→ INSTRUCTIONS TO FOLLOW
Repeat the following data exactly, omitting pictures.
*** SOURCE DATA Section Begins ***
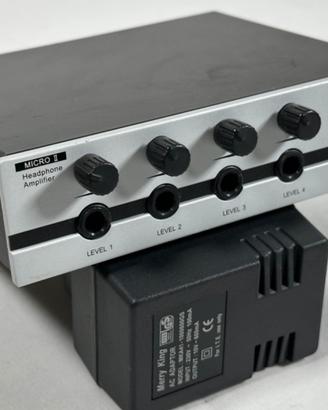 Phonic Micro II amplificatore cuffie 4 uscite head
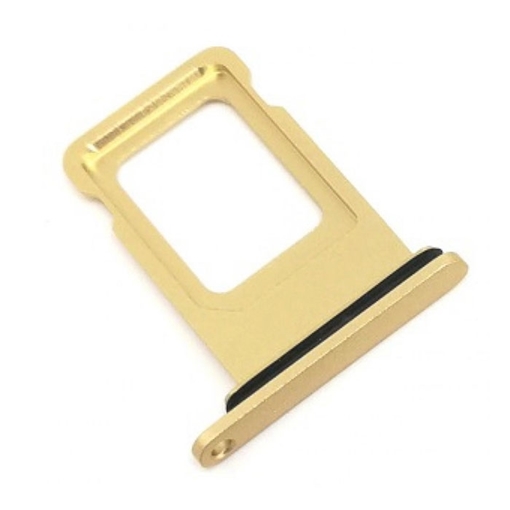 Υποδοχή Κάρτας Single SIM Tray για Apple iPhone XR - Χρώμα: Κίτρινο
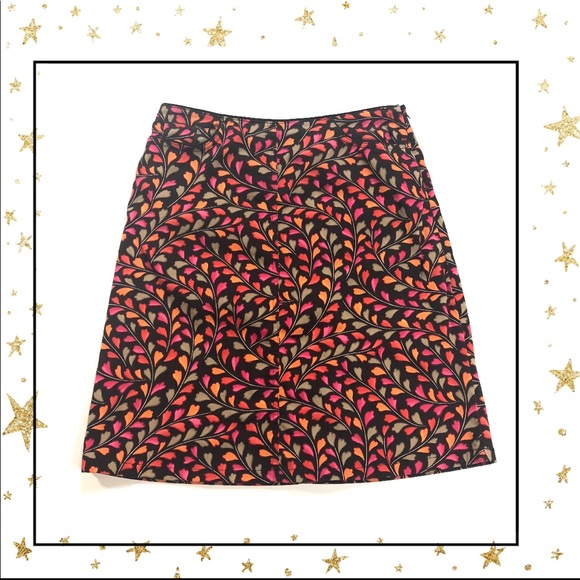 Talbots Dresses & Skirts - Talbots Multicolor Leaves  A-line mini skirt (F2)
*** SOURCE DATA Section Ends ***
→ RESPONSE TO THE TASK
 Phonic Micro II amplificatore cuffie 4 uscite head
 Υποδοχή Κάρτας Single SIM Tray για Apple iPhone XR - Χρώμα: Κίτρινο
 Talbots Dresses & Skirts - Talbots Multicolor Leaves  A-line mini skirt (F2)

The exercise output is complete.